Microsoft’s new investments in Windows Defender and its advanced threat protection program appear to be paying off in the enterprise at least on Windows 10.
The company today announced that Windows Defender Antivirus, once shunned as “basic protection” because of its it’s relatively low malware detection rates, is now the most widely deployed antivirus among enterprise organizations.
But there is a catch to that claim. As Brad Anderson, Microsoft’s vice president of enterprise mobility and security notes, Windows Defender is the antivirus of choice on more than 50 percent of Windows 10 devices in the enterprise.
That’s an important milestone but an equally important distinction given that Windows 7 is still likely the dominant desktop platform in the enterprise, despite Windows 10 becoming the top desktop OS globally in January, according to web analytics firm StatCounter.
Nonetheless, Windows 10, first released in 2015, may be be picking up pace among businesses, particularly as they face the prospect of no more Windows 7 security updates after January 14, 2020.
Microsoft’s latest monthly active user figures in November said that Windows 10 was running on 600 million devices worldwide.
Web analytics firm Net Applications’ March report of a slight uptick in Windows 10 share growth convinced Computerworld’s Windows watcher Gregg Keizer that the bump was due to upgrades by businesses preparing for the end of Windows 7 support, and the fact that Microsoft’s free-upgrade period for consumers ended long ago.
Regardless of Windows 10 adoption among businesses, Anderson offers troubling statistics for enterprise security vendors.
Windows Defender has an 18 percent share of Windows 7 and Windows 8 devices in the enterprise, while over half of Windows 10 enterprise devices use Microsoft’s own built-in antivirus.
According to Anderson, this signals a trend that's likely to continue as Windows 10 adoption increases.
“What we are seeing is that as organizations are moving to Windows 10 they are also moving to our antivirus as their preferred solution. With our antivirus solution being used on more than 50% percent of the Windows 10 PCs deployed in commercial organizations, it is now the most commonly used antivirus solution in commercial organizations on that platform. This usage is in commercial customers of all sizes – from small and medium-sized businesses to the largest enterprise organizations,” said Anderson.

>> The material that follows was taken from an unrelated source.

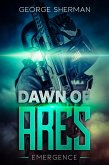 Emergence (Dawn of Ares, #1) (eBook, ePUB)
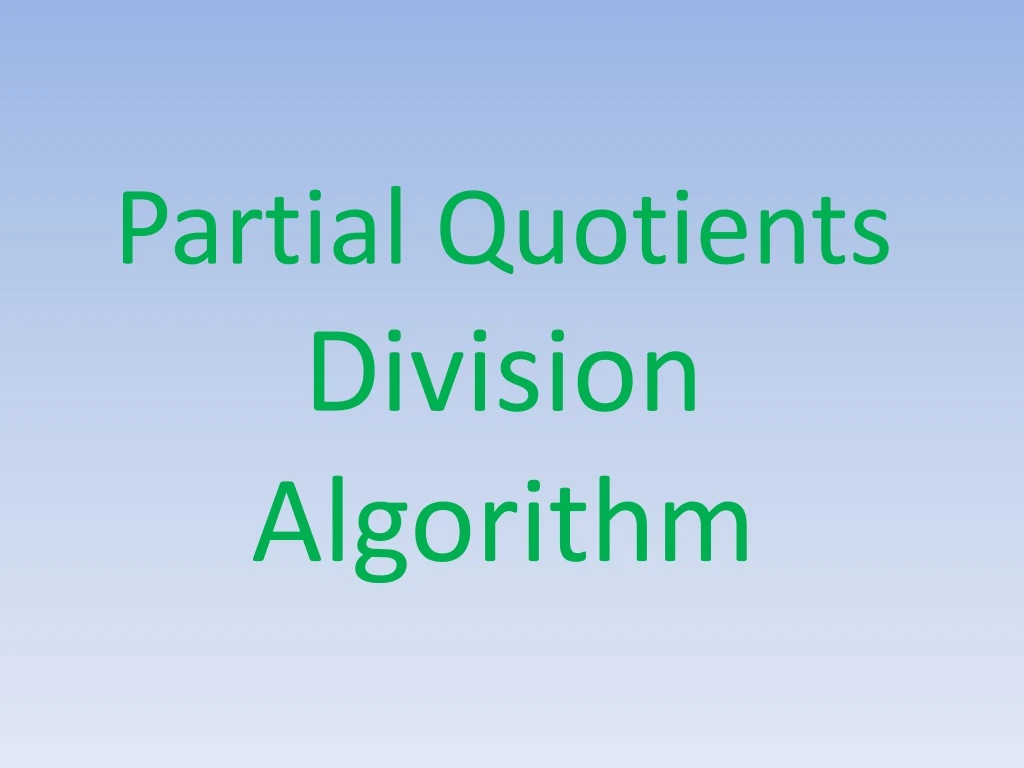 partial quotients division algorithm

Microsoft is also ramping up security offers to businesses on Windows 7 that are considering a move to Windows 10. Until recently Microsoft had been encouraging consumers and business to upgrade to Windows 10 as the best defense against ransomware like WannaCry and NotPetya.
But in February Microsoft announced Windows Defender Advanced Threat Protection (ATP), a set of security tools for Window 10 alone, would be extended to Windows 7 SP1 and Windows 8.1. Microsoft said it was to assist businesses moving to Windows 10.
Anderson also highlighted Microsoft’s dramatically improved performance ratings in tests carried out over the years by independent antivirus testing outfits, such as AV-Compartives and AV-Test.
Prior to 2015 Microsoft Security Essentials and Windows Defender was trailing behind the Kaspersky, McAfee, Symantec and many others. But in February, Windows Defender was among four products that scored 100 percent alongside Kaspersky, McAfee and F-Secure.
Anderson said Microsoft's results improved markedly throughout 2015 and have risen to perfect and near-perfect scores in 2017 and 2018, which don't take in to consideration its Windows Defender ATP exploit mitigation features and hardware-based defenses.